Briefly, systems, apparatuses, and methods are set forth to help control the speed and computational resources required for arithmetic operations of two numbers in a first format, by approximating the arithmetic operations using a plurality of decomposed numbers in a second format that facilitates faster calculations than the first format, such that performing arithmetic operations using the decomposed numbers is capable of approximating the results of the arithmetic operations of the two numbers in the first format.
In some implementations, processing units are disclosed herein, including a memory unit configured to store results of one or more arithmetic operations, a floating-point unit (FPU) configured to perform the one or more arithmetic operations, a control unit operatively coupled with the memory unit and the FPU. The control unit is configured to: perform number decomposition on a first number and a second number of a first floating-point format to represent each of the numbers as a plurality of decomposed numbers of a second floating-point format, the second floating-point format having fewer significand bits than the first floating-point format; cause the FPU to perform the one or more arithmetic operations using the decomposed numbers as dynamically determined based on accuracy demand; and store results of the one or more arithmetic operations in the memory unit in the second floating-point format.
In some embodiments, the control unit of the processing unit is further configured to cause the FPU to approximate a sum of the first number and the second number of the first floating-point format by determining a sum of at least two of the decomposed numbers of the second floating-point format.

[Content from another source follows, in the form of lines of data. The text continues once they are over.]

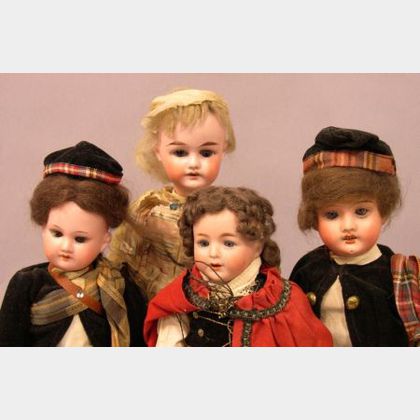 Four German Bisque Dolls in Regional Costume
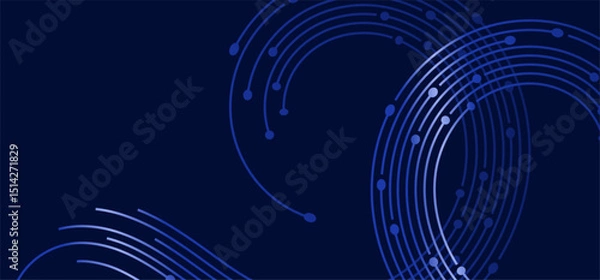 Fototapeta Navy backdrop w/ blue arcs & dots
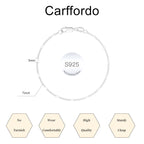 Carffordo 925 Sterling Silver Bracelets for Women, Cuban Link Bracelet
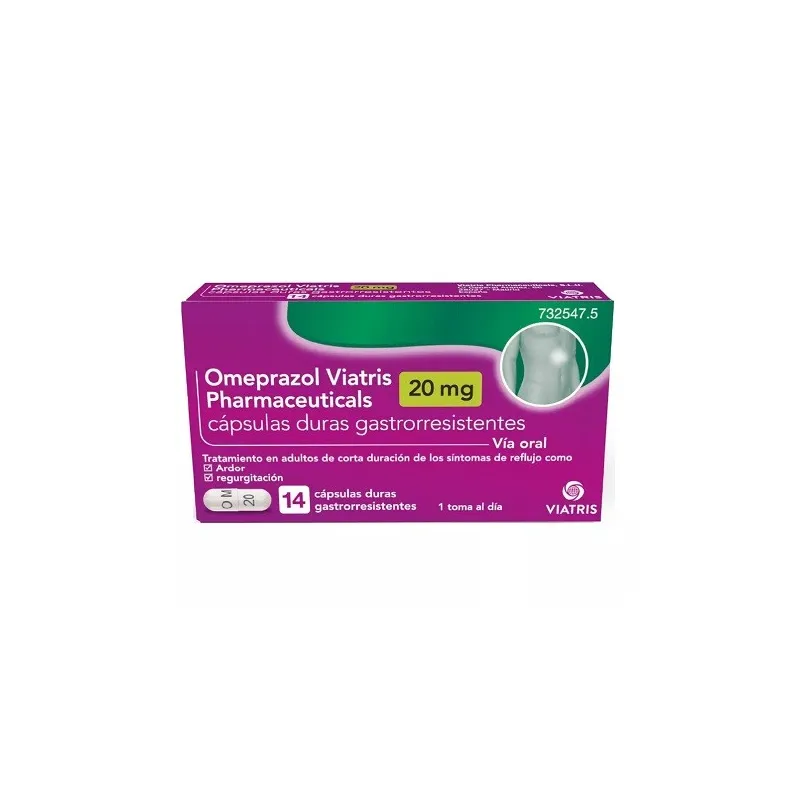 Omeprazol Viatris 20 mg, 14 cápsulas duras gastrorresistentes Omeprazol Viatris 20 mg, 14 cápsulas duras gastrorresistentes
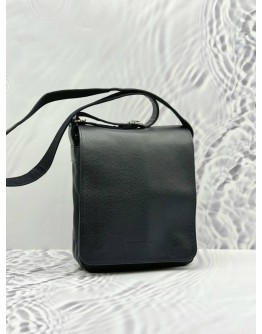 LONGCHAMP FLAP MESSENGER BAG IN BLACK PEBBLED LEATHER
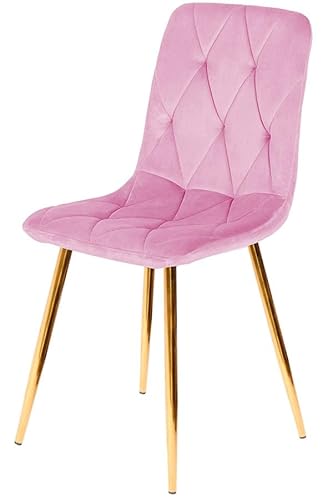 Eleganter Esszimmerstuhl Samt Beige mit goldfarbenen Metallbeinen – Polsterstuhl modern, gepolstert, stabil, Wohnzimmerstuhl für Esszimmer, Küche & Home Office (Rosa) von Sleepy shop 24 YOUR PERFECT MATTRESS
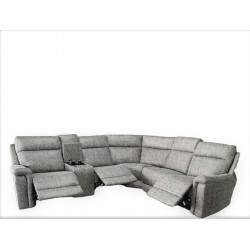 Living Room Sectional, 3 Powered Recliner with Headrest & Lumbar- Vintage Grey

In some examples, at least two of the decomposed numbers are determined based on significance of exponent values of the decomposed numbers.
In some embodiments, the control unit is further configured to: determine a number of terms to calculate for approximating a product of the first number and the second number of the first floating-point format; cause the FPU to calculate one or more terms according to the determined number of terms, each term comprising either a product of the decomposed numbers of the second floating-point format or a sum of a plurality of products of the decomposed numbers of the second floating-point format; and cause the FPU to approximate a product of the numbers of the first floating-point format using the product or the sum of the products of the decomposed numbers in the one or more arithmetic operations. In some examples, the number of terms is statically or dynamically determined based on the accuracy demand.
In some embodiments, the first floating-point format has a first number of exponent bits, and the second floating-point format has a second number of exponent bits that is different from the first number of exponent bits. In some embodiments, the first floating-point format and the second floating-point format have a same number of exponent bits. In some embodiments, the first floating-point format includes at least three times as many significand bits as the second floating-point format. Each of the numbers of the first floating-point format is decomposable into three numbers of the second floating-point format.
In some embodiments, the results stored in the memory unit are configured to be utilized in machine learning workloads including machine learning training or machine learning inference. In some embodiments, the accuracy demand is automatically and dynamically determined based on the FPU exceeding a threshold number of arithmetic operations to perform. In some embodiments, the accuracy demand is determined based on user input.
In some implementations, processing units are disclosed herein, including a user interface configured to receive user input and a processing unit operatively coupled with the user interface. The processing unit includes a memory unit configured to store results of one or more arithmetic operations, a floating-point unit (FPU) configured to perform the one or more arithmetic operations, and a control unit operatively coupled with the memory unit and the FPU. The control unit is configured to determine accuracy demand for the one or more arithmetic operations based on the user input, perform number decomposition on numbers of a first floating-point format to represent each of the numbers as a plurality of decomposed numbers of a second floating-point format, the second floating-point format having fewer significand bits than the first floating-point format, cause the FPU to perform the one or more arithmetic operations using the decomposed numbers as dynamically determined based on the accuracy demand, and store results of the one or more arithmetic operations in the memory unit in the second floating-point format.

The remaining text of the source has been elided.